Los canales de Tv transmiten el discurso  del  Rey, que dice llevar a Cataluña en el corazón y  se dirige a los españoles (de las españolas no dirá nada) hablándoles de la complejidad del momento y las dificultades por las que pasan algunas familias  (parece increíble que tengan tantos datos en Zarzuela) la palabrería  del monarca finaliza con un Feliz Navidad de parte la  Reina, la princesa de Asturias y la infanta Sofía. ¡Cuánto  humanitarismo en la casa real!

La mesa está puesta y la cena preparada, sólo falta que los hombres lleguen y se acomoden.

Los villancicos resuenan con alegría y recalcan con machista tozudez que  en la noche de familia, la noche de Dios,  la virgen lava pañales mientras ángeles y pastores se manifiestan con batucada incluida.

Llegó la hora de la bendita cena.
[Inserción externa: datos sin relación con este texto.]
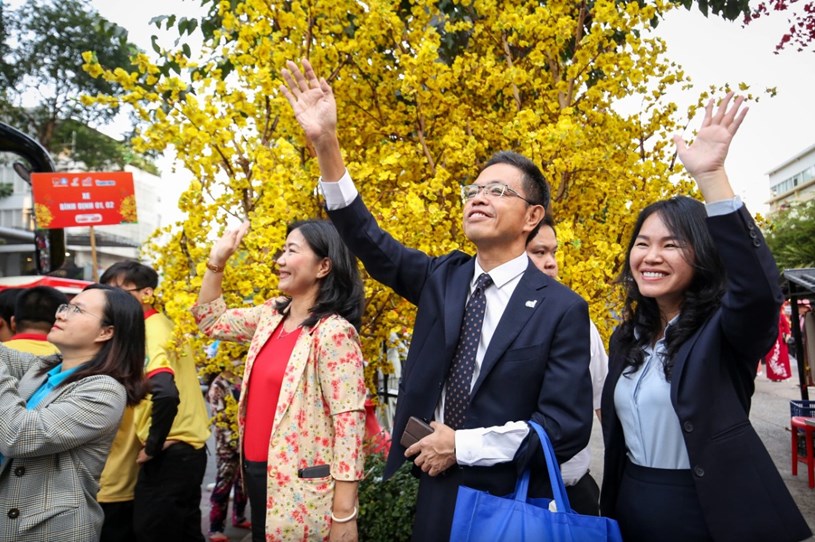 L&atilde;nh đạo C&ocirc;ng ty CP Acecook Việt Nam, đơn vị t&agrave;i trợ chuyến xe Tết sum vầy ch&agrave;o tạm biệt sinh vi&ecirc;n v&agrave; người lao động về qu&ecirc; đ&oacute;n Tết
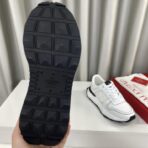 华伦天奴 VLTN 系列低帮休闲运动鞋（白黑配色款） - Imagem 3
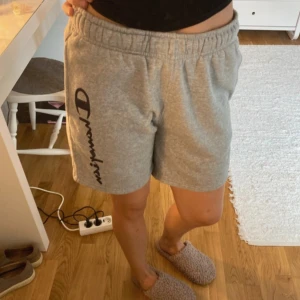 Mjukisshorts  - Mjukisshorts från Champion, nyskick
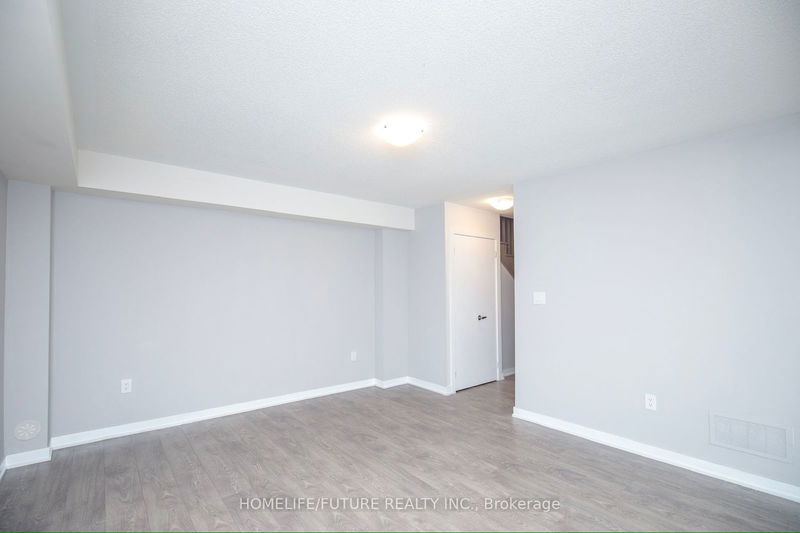 1352 Bradenton Path  Oshawa, L1K 1A9 | Image 6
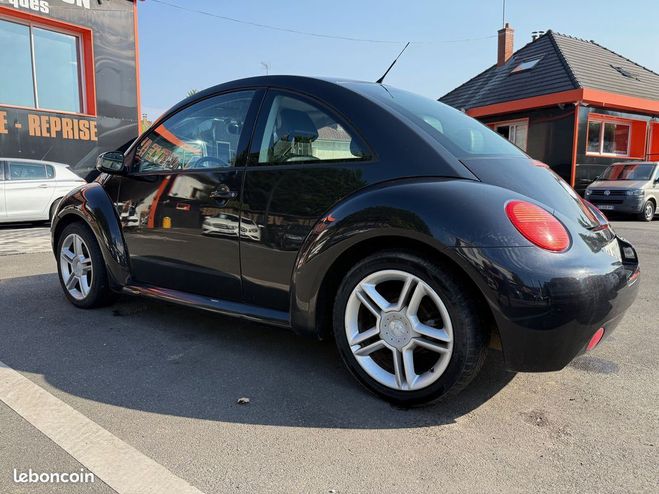 Volkswagen Beetle 1.6 102CH CARAT Noir de 2004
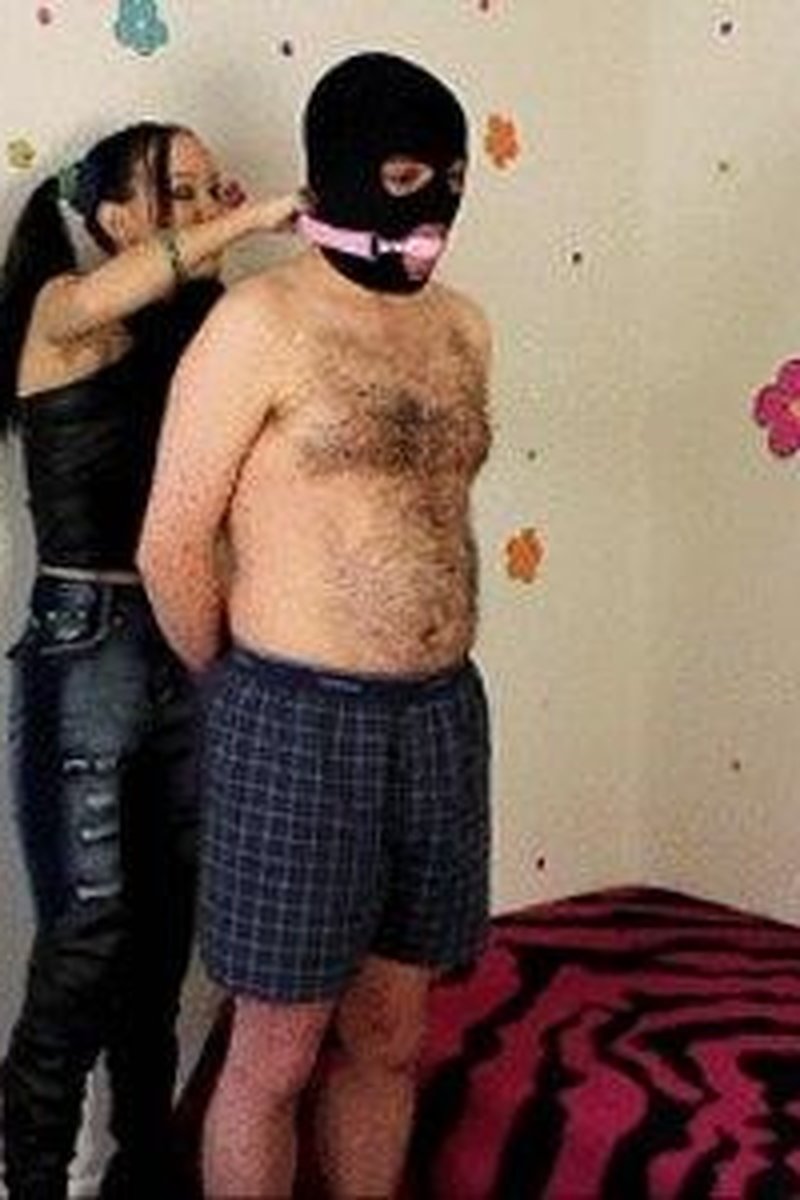 Flogged - Screenshot 1 of 4 - Asian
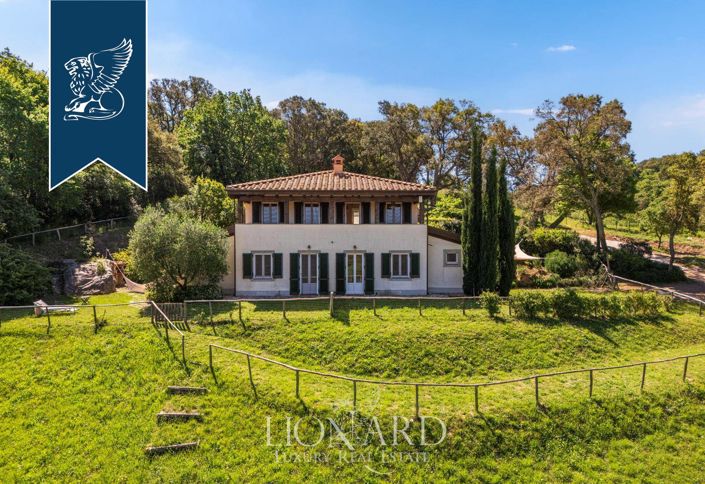 Image No.19-13 Bed Farmhouse for sale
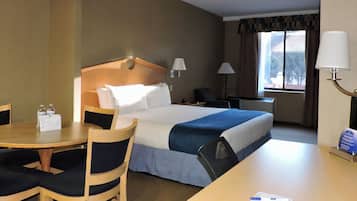 Suite estudio, 1 cama de matrimonio grande | 1 dormitorio, ropa de cama de alta calidad, edredones de plumas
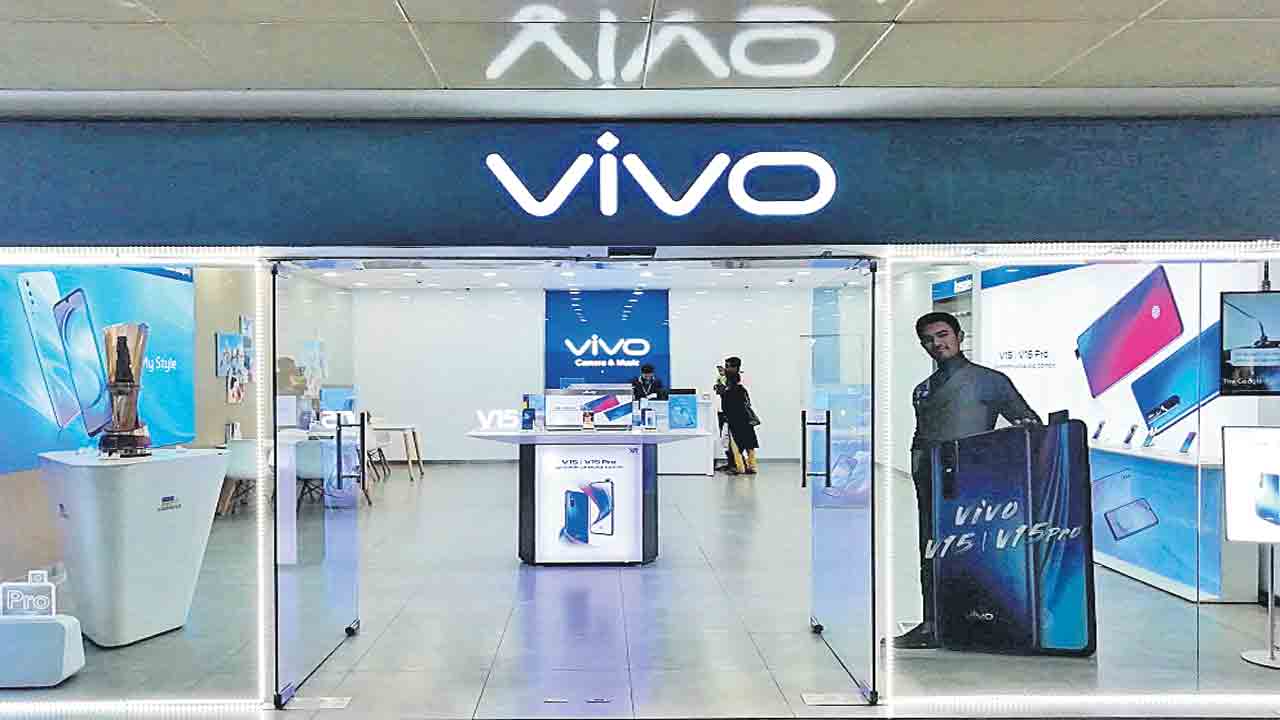 చైనాకు 62,476 కోట్లు.. పన్నులు ఎగ్గొట్టేందుకు భారత్‌ నుంచి తరలించిన వివో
Se pone en marcha el servicio. Afortunadamente, las tareas han quedado distribuidas; a  los hombres se les ha colocado al alcance de la mano un sacacorchos y  se ocuparán de abrir las botellas. ¡ Qué alivio, una faena menos!

En la mesa  debates de mucha enjundia; Messi o Cristiano, Iglesias o Rivera, Felipe González o Pedro Sánchez... asuntos que  preocupan a la humanidad y que las mujeres nunca alcanzarán a entender. Tanto abstrae y ensimisma el debate que los convidados olvidan que  la física no ha resuelto como acercar los platos a la mesa sin  colaboración humana, pero los platos llegan.

¡ Un hurra por la cocinera! reclama un cuñado. No hay hurras a la recadera, recepcionista,  camarera, fregadera, barrendera, limpiadora, cuidadora,  enfermera, madre y trabajadora  a tiempo completo.

El próximo año se repetirá, indeclinablemente, el mismo simbolismo. Sin nosotras se acabarían las   entrañables  megafiestas familiares de derroche y bacanal construidas gracias a muchos micromachismos.